Rogers State Prison
- Interactive map of Rogers State Prison
- Location: 1978 Georgia Highway 147 Reidsville, Georgia postal address;
- Status: open
- Security class: medium
- Capacity: 1450
- Opened: 1983; expanded 1989
- Managed by: Georgia Department of Corrections

= Rogers State Prison =

Prison in Georgia, United States

Rogers State Prison is a Georgia Department of Corrections state medium-security prison for men located in unincorporated Tattnall County, Georgia, near Reidsville. Currently, the operational capacity of the facility is 1450 inmates and its warden is Sandi West. (Reidsville is also the site of the 1938 Georgia State Prison, about one mile away.)
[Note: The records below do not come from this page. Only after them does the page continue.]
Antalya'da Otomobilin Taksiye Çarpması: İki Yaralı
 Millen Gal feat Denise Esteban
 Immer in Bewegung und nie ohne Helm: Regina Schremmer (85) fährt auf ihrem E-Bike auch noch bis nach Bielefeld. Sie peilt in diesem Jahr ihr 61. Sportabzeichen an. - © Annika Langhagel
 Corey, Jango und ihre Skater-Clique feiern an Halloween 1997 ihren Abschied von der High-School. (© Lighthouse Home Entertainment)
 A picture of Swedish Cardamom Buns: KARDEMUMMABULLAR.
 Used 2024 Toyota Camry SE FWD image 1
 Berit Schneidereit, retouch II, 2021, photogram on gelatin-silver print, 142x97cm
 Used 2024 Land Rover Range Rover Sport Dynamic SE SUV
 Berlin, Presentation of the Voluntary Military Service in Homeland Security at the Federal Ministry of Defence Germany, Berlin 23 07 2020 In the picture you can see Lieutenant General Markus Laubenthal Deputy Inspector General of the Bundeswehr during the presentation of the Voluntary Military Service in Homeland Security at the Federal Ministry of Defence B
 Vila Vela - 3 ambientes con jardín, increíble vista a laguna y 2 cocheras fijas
The facility includes an extensive working farm, a canning operation, a dairy, and beef and pork production. These agricultural programs contribute a significant amount of food back into other state prisons.

In May 2005 multiple correctional officers were suspended, pending an investigation of allegations made by a former guard and whistleblower named Tommy Cardell. Cardell went to the Georgia Bureau of Investigation claiming that he had seen 20 to 30 instances of prisoners being beaten while handcuffed, and other systematic cruel treatment.

Rogers was the scene of the alleged mistreatment of a transgender female inmate named Zahara Green in July 2012. Green filed suit against the state corrections department.

On October 25, 2019 the administration at Rogers State Prison released, due to an error, prisoner Tony Maycon Munoz-Mendez, 31, who was convicted of rape and aggravated child molestation in Gwinnett County, according to Georgia Department of Corrections records. He had been in prison since April 2015 and was serving a life sentence. Officials with the U.S. Marshals Service and the Georgia Department of Corrections recaptured Munoz-Mendez on October 30, 2019 in Kentucky.